The Fourth Circuit has held in a published decision that a 2015 reverse triangular merger between Willis Group Holdings plc (“Willis”) and Towers Watson & Co (“Towers Watson”) was “the acquisition of all or substantially all the ownership interest in or assets” of Towers Watson within the terms of the Bump Up Provision in the Towers Watson D&O policies.  See Towers Watson & Co. v. National Union Fire Insurance Co. of Pittsburgh, Pa., 67 F.4th 648 (4th Cir. 2023).

The Bump Up Provision in the subject policy provides:

In the event of a Claim alleging that the price or consideration paid or proposed to be paid for the acquisition or completion of the acquisition of all or substantially all the ownership interest in or assets of an entity is inadequate, Loss with respect to such Claim shall not include any amount by which such price or consideration is effectively increased.

Following the 2015 merger, former Towers Watson shareholders filed two class actions against, among others, Towers Watson’s former chairman and CEO John Haley (“Haley”), alleging that Haley negotiated the merger agreement under an undisclosed conflict of interest and therefore allegedly agreed to a below-market valuation of Towers Watson’s shares. The shareholder actions were settled for a total payment of $90 million. Towers Watson’s D&O insurers provided defense coverage for the shareholder actions, but denied coverage for the settlement based on the Bump Up Provision.

In the subsequent coverage action, the district court granted summary judgment for Towers Watson on the ground that the merger did not involve an “acquisition” within the meaning of the Bump Up Provision. See Towers Watson & Co. v. Nat’l Union Fire Ins. Co. of Pittsburgh, Pa., 2021 U.S. Dist. LEXIS 192480 (E.D. Va. Oct. 5, 2021). The Fourth Circuit has now reversed that ruling.
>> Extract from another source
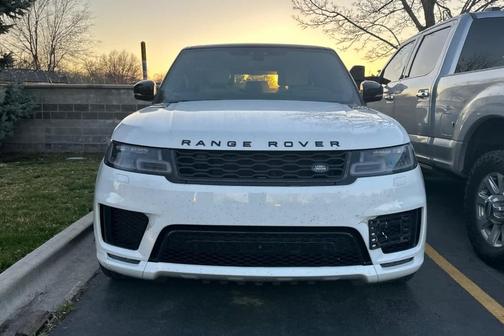 2021 Land Rover Range Rover Sport 3.0 Supercharged HST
The Fourth Circuit found that the “ordinary and accepted meaning” of the term “acquisition” is “the act or action of acquiring,” and the word “acquire” means “to come into possession [or] control… of often by some uncertain or unspecified means.” As such, the court asked whether, as a result of the merger, Willis gained “possession” or “control” “of all or substantially all the ownership interest in or assets of” Towers Watson. Because the merger resulted in Towers Watson and all of its pre-merger assets becoming a wholly owned subsidiary of Willis, the court found that “the answer is clearly yes.”

The Fourth Circuit criticized the district court’s reliance on Northrup Grumman Innovation Sys. Inc. v. Zurich Am. Ins. Co., 2021 Del. Super. LEXIS 92 (Del. Super. Ct. Feb. 2, 2021), to justify interpreting the phrase “the acquisition or completion of the acquisition of all or substantially all the ownership interest in or assets of an entity” to mean only a certain specific and limited form of “takeover acquisition” under Delaware law. As the Fourth Circuit stated, “nothing in the bump up exclusion stipulates, or even hints, that the term ‘acquisition’ was intended to refer only to a particular form of acquisition—i.e., a takeover—under Delaware law.”

Because the district court’s now-reversed ruling only addressed one of three arguments Towers Watson raised with respect to the Bump Up Provision, the Fourth Circuit’s ruling ordered a remand of the case to the district court for further proceedings to resolve the remaining issues.